However, when the pile is riddled with worms, it’ll work just great.
Vermicomposting is popular among many gardeners because it is a way to create nutrient rich soil for their plants, but it also helps to reduce the amount of garbage they throw away. Even if you don’t have a garden, you can still compost your kitchen waste (as well as shredded newspaper and cardboard boxes).
By using worm boxes, you can see a reduction in the amount of garbage you throw out by a third. You can then take that compost and use it in potted plants and flowers and it’ll still provide you with healthy flowers, vegetables, and fruit.
Vermicompost is primarily consists of worm excrement’s and organic material that has decayed. In the right conditions, worms can consume their own weight in organic material in a single day—sometimes even more. They aren’t getting their nourishment from the organic material though, they are getting it from the micro-organisms that are present in the compost pile.
Interestingly enough, the worms excrements create up to eight times as many micro-organisms than what they consume! Now how’s that for a conundrum?
When it comes to creating a nutrient dense soil, the worm’s excrement contain 5x more nitrogen, 7x more phosphorus, and 11x more potassium than your regular soil. These minerals are essential for your plants to grow big and healthy. Not only does the worm waste contain plenty of nutrients, it also is packed with humic acids that work to create the perfect pH balance in the soil.
So you’re interested in starting a vermicomposting pile of your own are you? You’re going to want to choose the right kind of worm for your compost. There is one species that is used most often and that is the red wiggler (Eisenia Fetida or Eisena Andrei). These worms can adapt themselves very well to shallow compost bins.
These worms can process massive amounts of organic matter, they reproduce quickly when in the compost box, and they can be found pretty easily. There are is such a need for earthworms that there are markets that will cultivate these worms on a part-time or full-time basis!

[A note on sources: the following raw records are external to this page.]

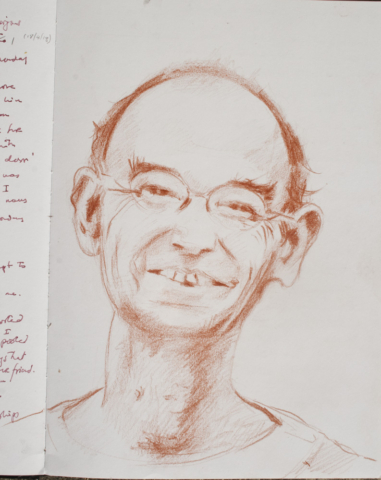 sanguine portrait,man, glasses, smilling face, drawing from photo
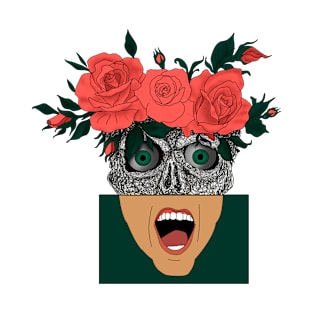 Skull, roses and pop art T-Shirt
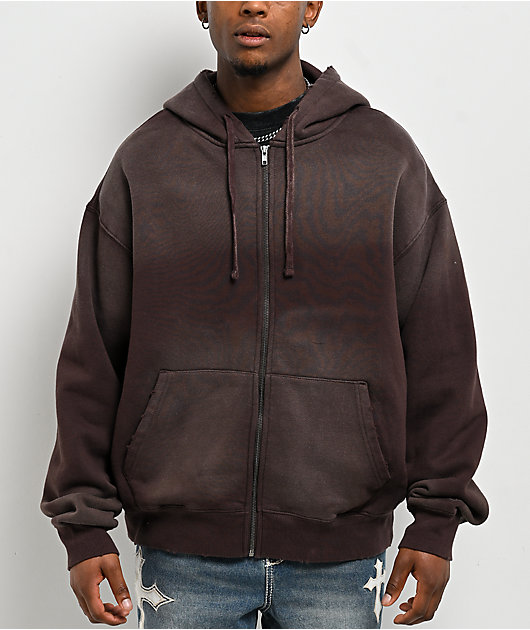 Ninth Hall Fundamentals Spray Dark Brown Wash Zip Hoodie | Zumiez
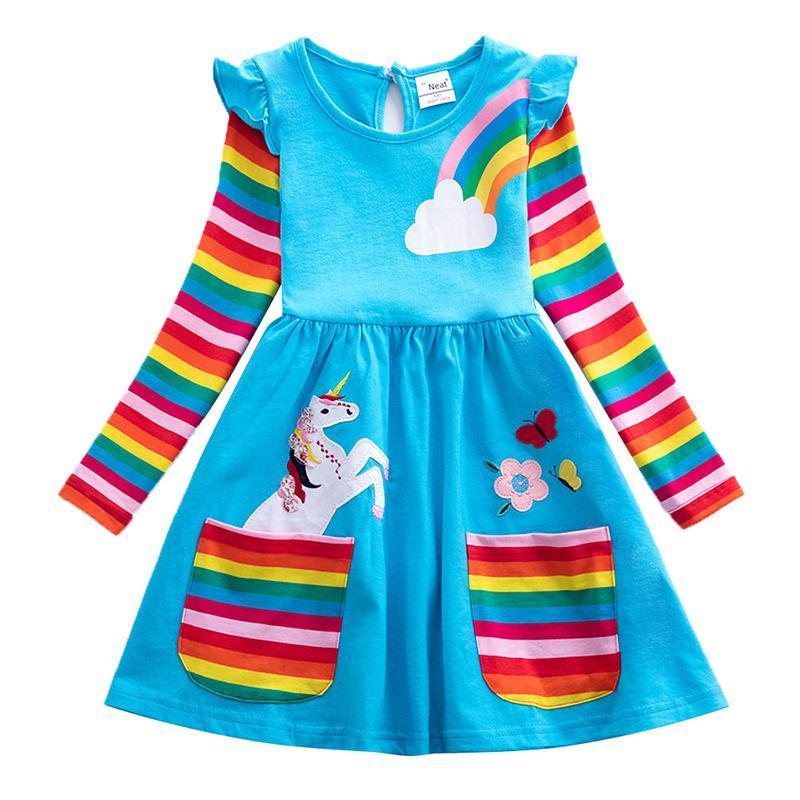 Blaudonau- Mädchen Einhorn-Regenbogen-Streifen Kleid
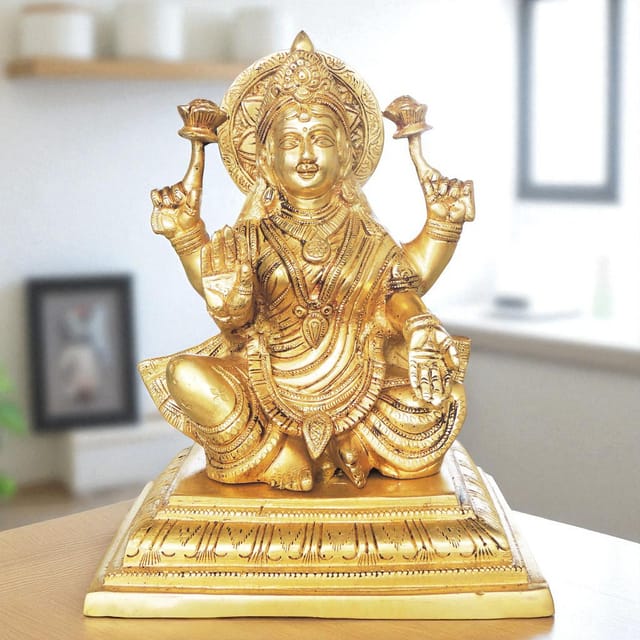 Brass Showpiece Laxmi Ji Statue - 6.4*4.5*9.5 Inch (BS159)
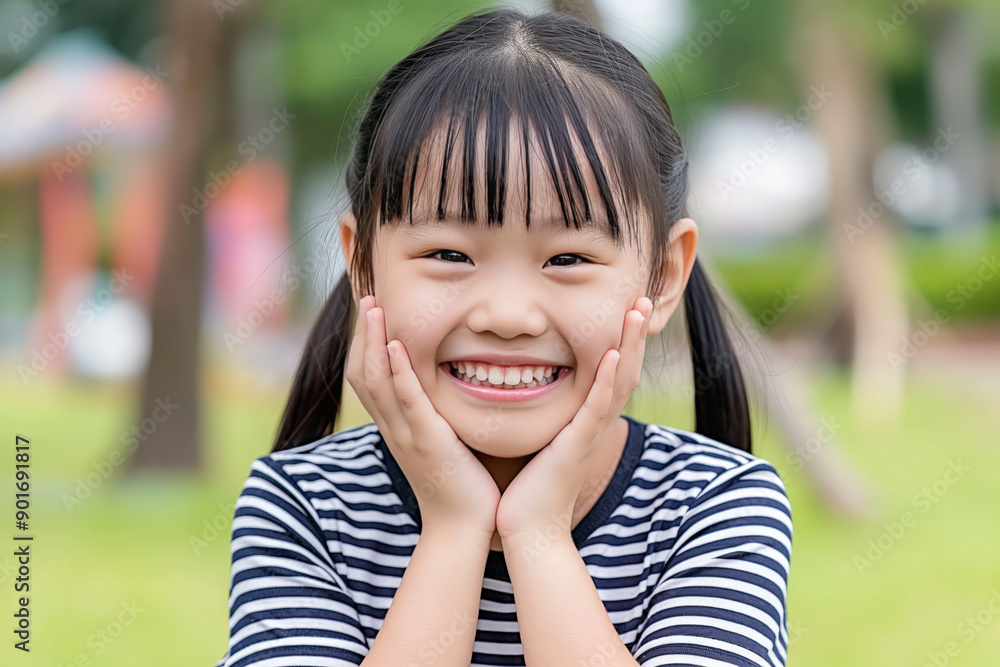 A smiling girl in a striped shirt enjoying a sunny day at the park surrounded by greenery and playground equipment A smiling girl in a striped shirt enjoying a sunny day at the park surrounded by greenery and playground equipment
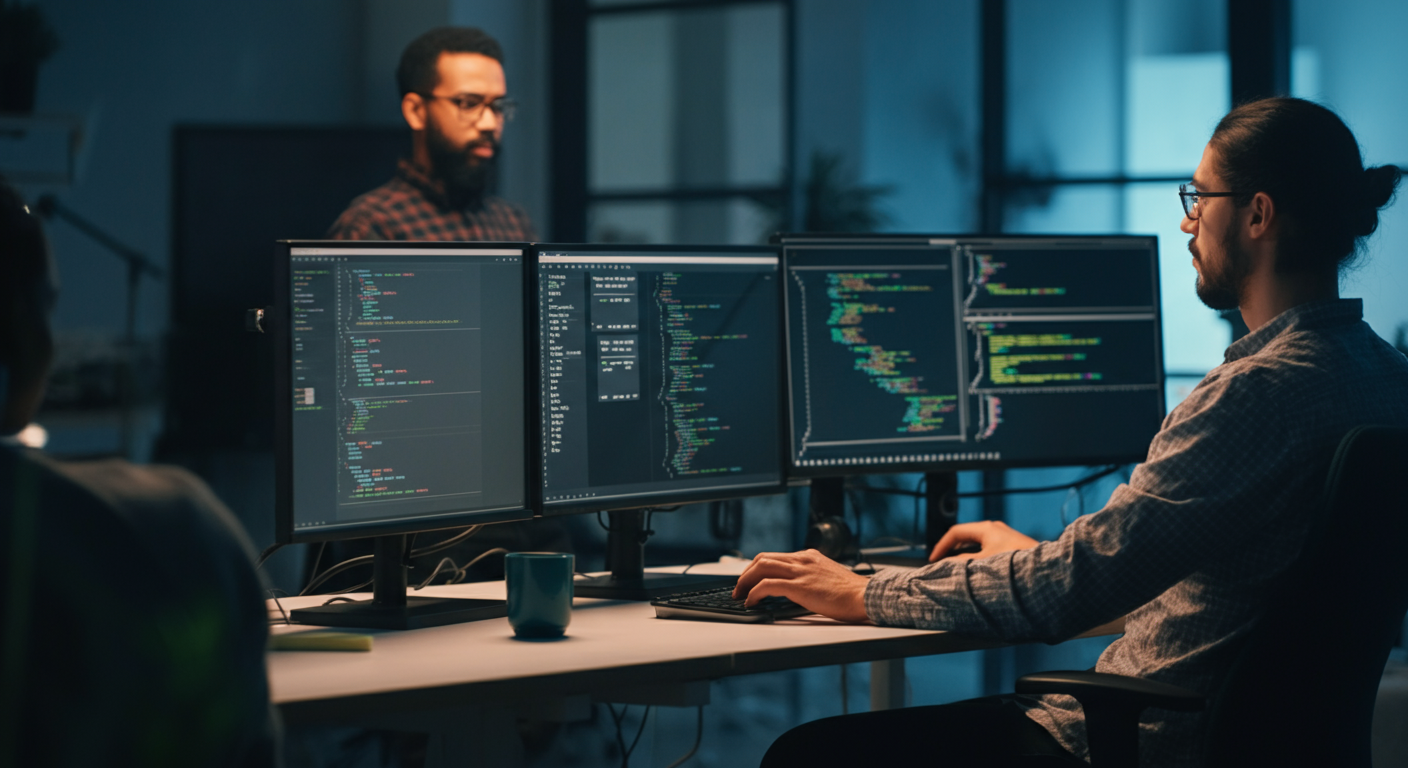 A diverse team analyzing data and code on multiple computer screens, identifying common pitfalls in AI deployment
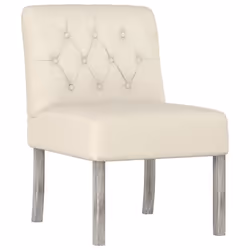vidaXL Slipper Chair Accent Chair Single Sofa Chair Linen Fabric Button Design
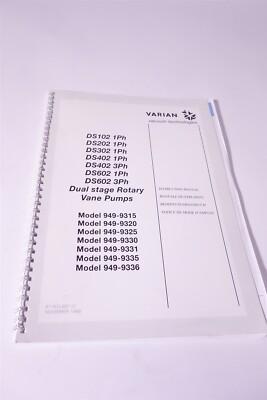 Varian Vacuum Technologies Dual Stage Rotary Vane Pump Manuals DS102 DS202 DS302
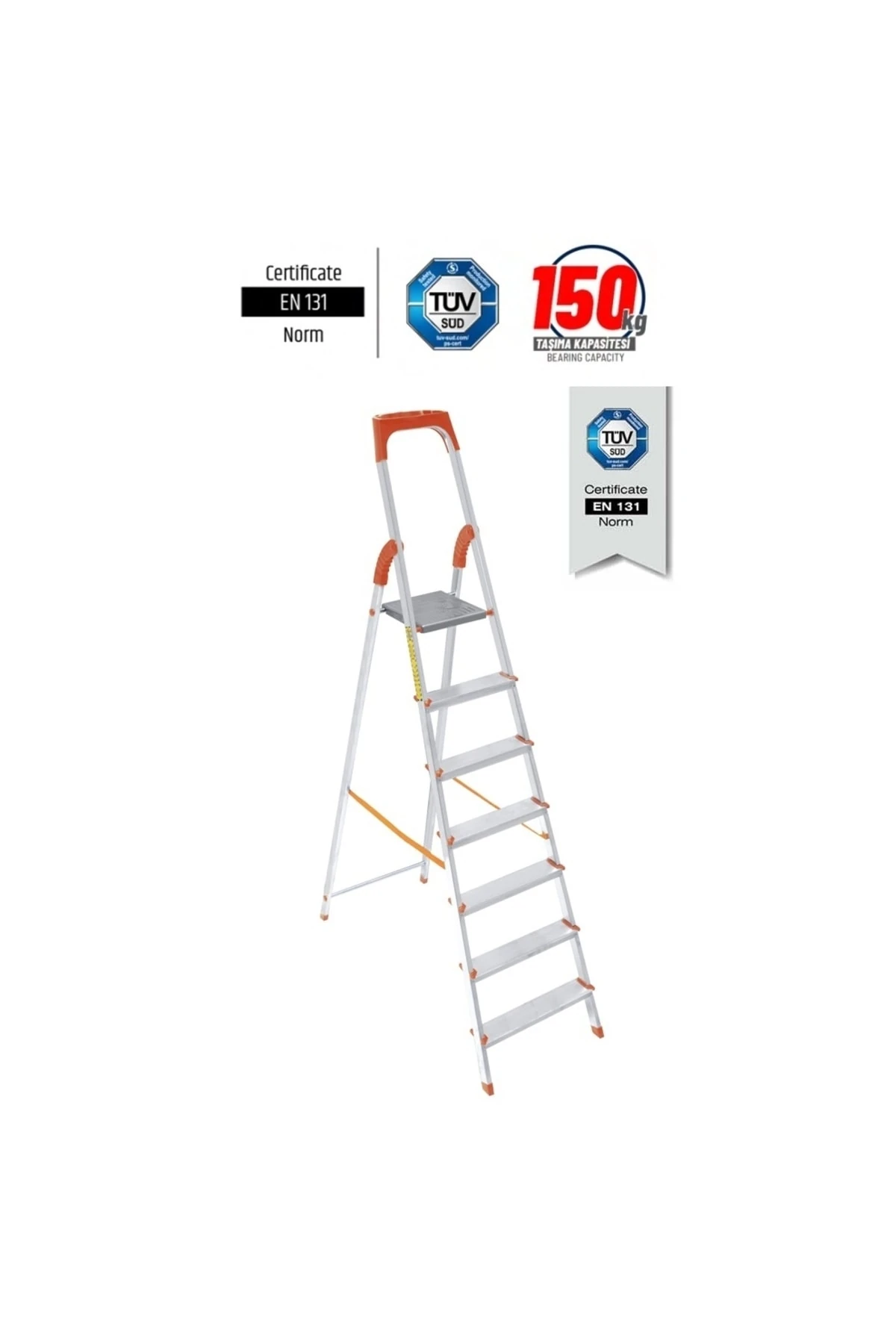 Paslanmaz Alüminyum Merdiven Plastik Korumalı 7 Basamaklı 6 1
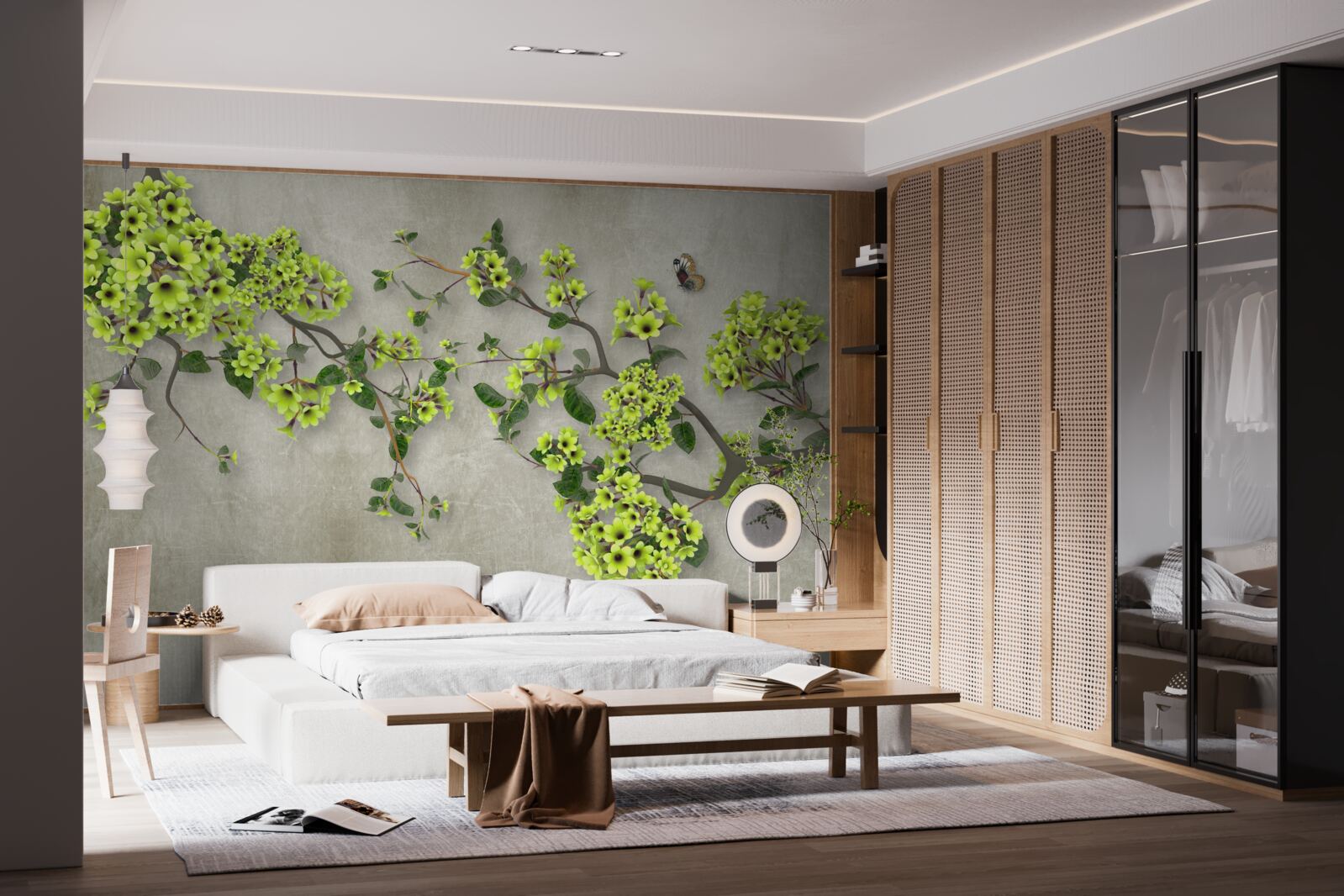 Fototapeta gałąź magnolii usiana bujnymi zielonymi pąkami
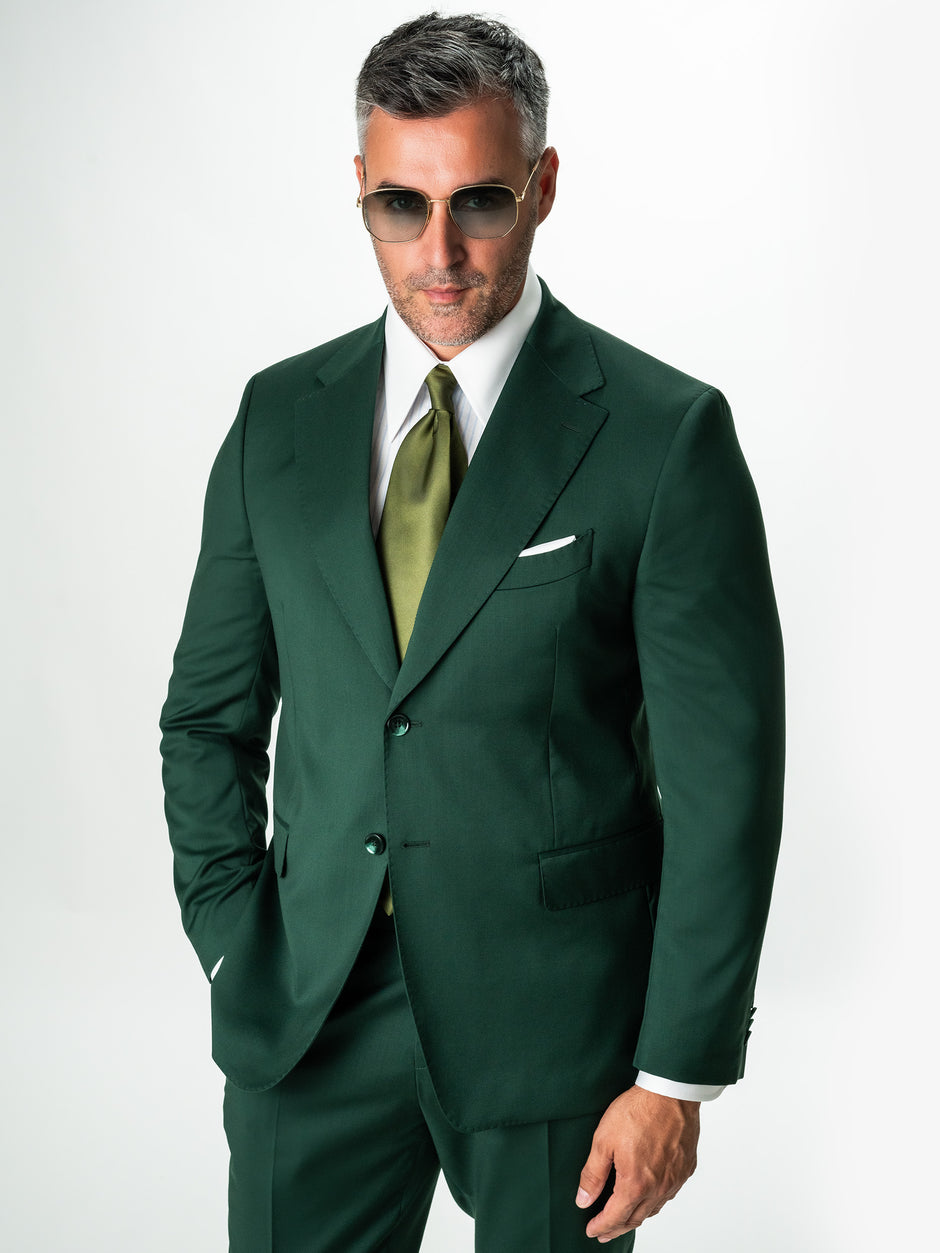 Costum Elegant Verde Barbati Lana Lanificio Cerruti Super110 BMan0002 (3)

Other than the red earthworm, you can European night crawlers (Eisenia hortensis) or even African night crawlers (Eudrilus eugeniae). We do want to point out that you want to avoid using the Canadian night crawler (Lumbricus terrestris) because they will burrow further than what most compost bins will allow for.
You don’t have to go out and search for the worms yourself. You can order them online from a nursery mail-order supplier or even at a bait shop because they are also used as bait. You will want to get at least 1,000 (1 pound) of worms to start a worm box. If you plan on using your garden wastes as well, you’ll need twice that amount. Keep in mind, they breed quickly when in the right conditions!
Speaking of breeding the worms, you should be aware that a worm population can double in only a month’s time. When they are in an ideal environment, your measly 1,000 worms can grow to 1 million in a single year! However, because you are going to be using the compost, you aren’t going to get nearly that much—about 35 pounds of worms at the most.
This is because the hatchlings and the eggs are going to be killed or ruined when you’re tending to the compost. To ensure that your worms do reproduce, you will want to make sure the compost has these conditions:
When you’re vermicomposting, you are going to want to keep it in a bin that is going to be able have plenty of air circulating. You can use things like galvanized garbage cans, plastic bins, and even a homemade wooden box. To promote air circulation, you’ll want to put plenty of holes all over the bin that have been covered in mesh so that flies and other pests do not get inside.
Your ideal worm bin is going to be something that isn’t more than 18 inches deep and it is wide enough so that you can spread out your material—the more surface area the worms have to feed on, the better. The size of your worm bin is really going to depend on how much waste you create.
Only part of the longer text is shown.